§ Exercise
An exact copy of the entries is needed, with every picture left out.

§ Dataset

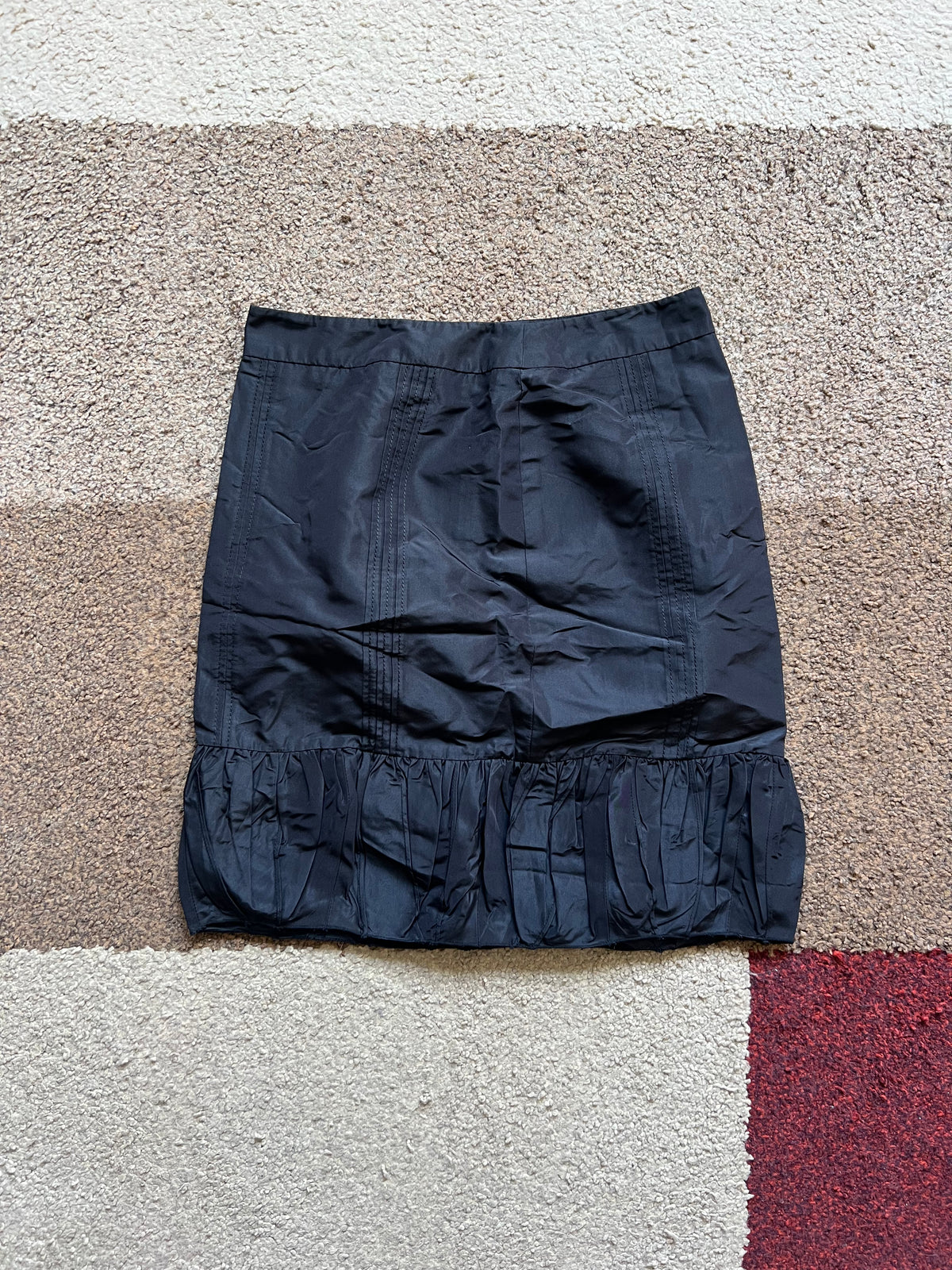 Prada Nylon Skirt (S)
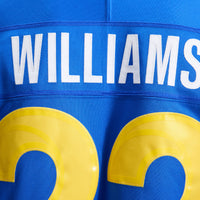 Los Angeles Rams Kyren Williams Nike Royal Team Vapor F.U.S.E. Stitched Limited Jersey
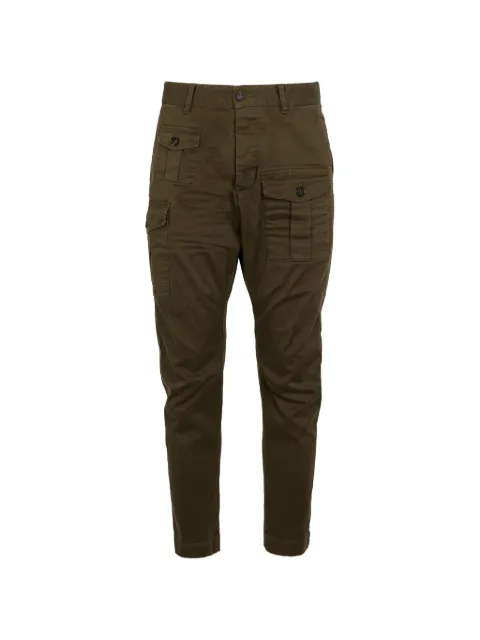 DSQUARED2 cargo pants Green S74KB1128S39021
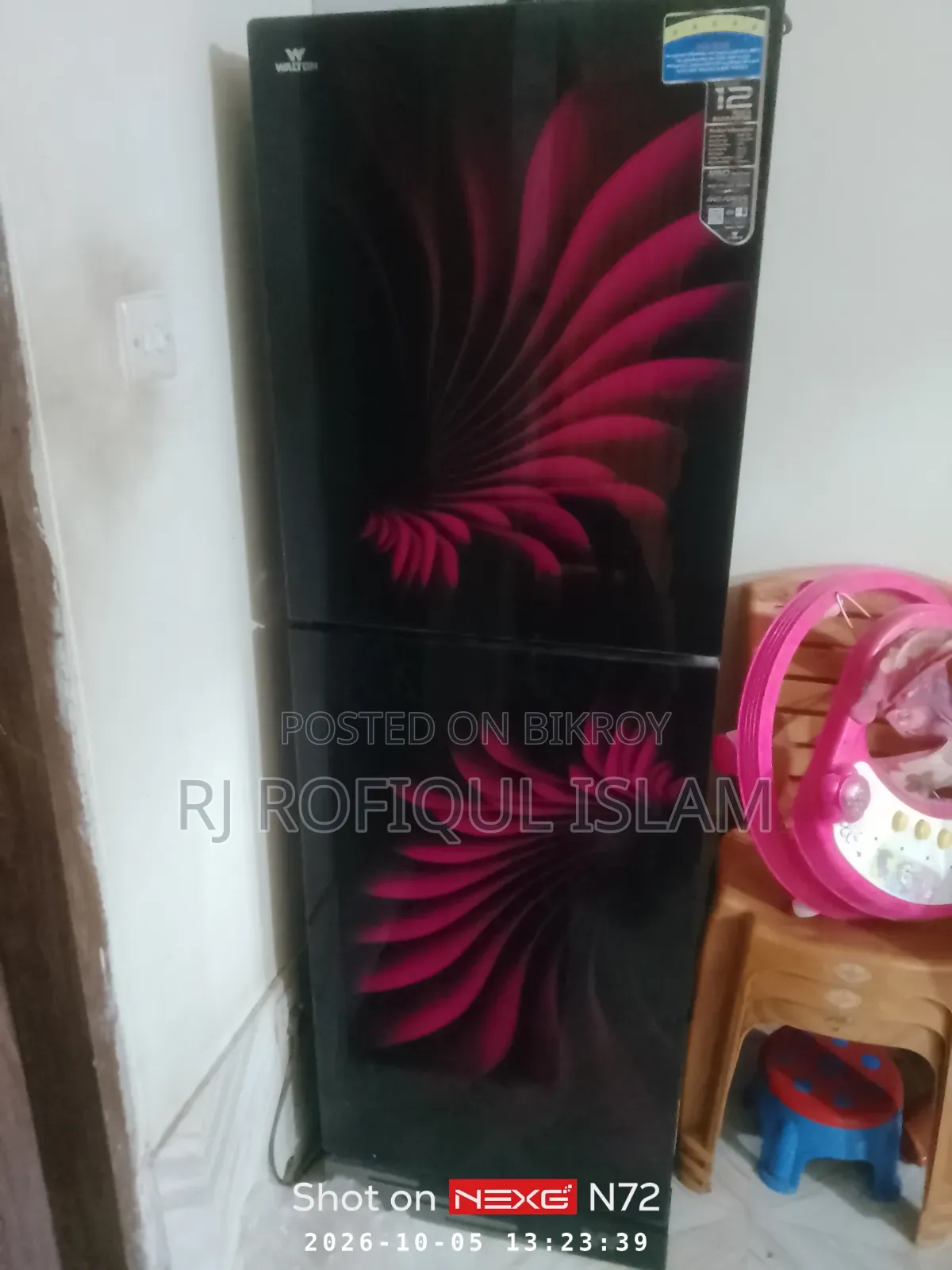 ওয়ালটন রেফ্রিজারেটর ২২০/২৪৪ লিটার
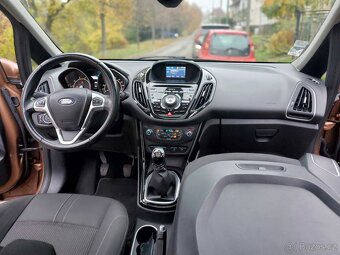 Ford B-Max Titanium Obrovska vybava benzin - 5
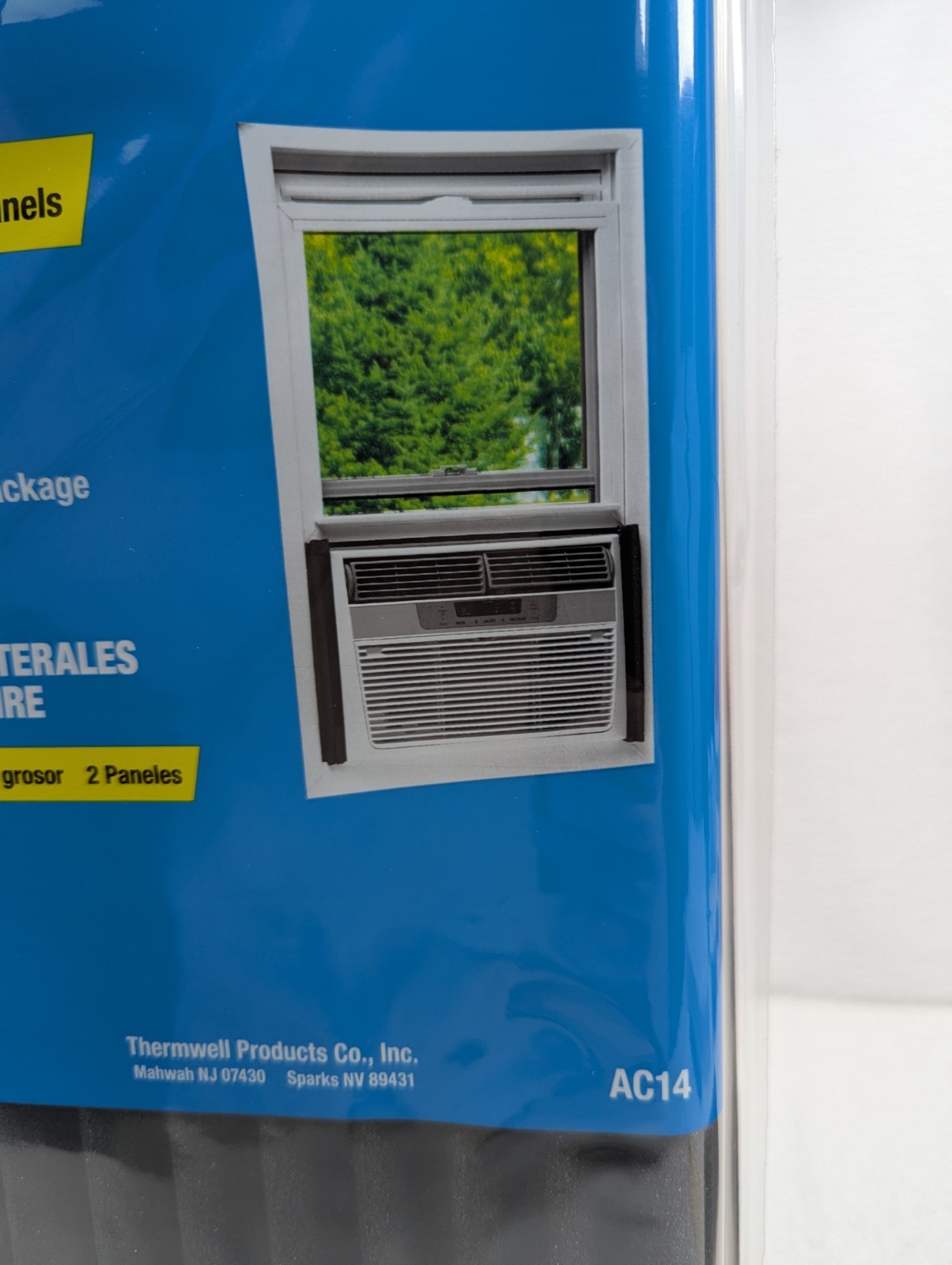 Frost King – Window Air Conditioner Foam Side Insulation Panels – 18 x 9 x 7/8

§ Answer to the problem
 Prada Nylon Skirt (S)
 Los Angeles Rams Kyren Williams Nike Royal Team Vapor F.U.S.E. Stitched Limited Jersey
 DSQUARED2 cargo pants Green S74KB1128S39021
 ওয়ালটন রেফ্রিজারেটর ২২০/২৪৪ লিটার
 Ford B-Max Titanium Obrovska vybava benzin - 5
 Frost King – Window Air Conditioner Foam Side Insulation Panels – 18 x 9 x 7/8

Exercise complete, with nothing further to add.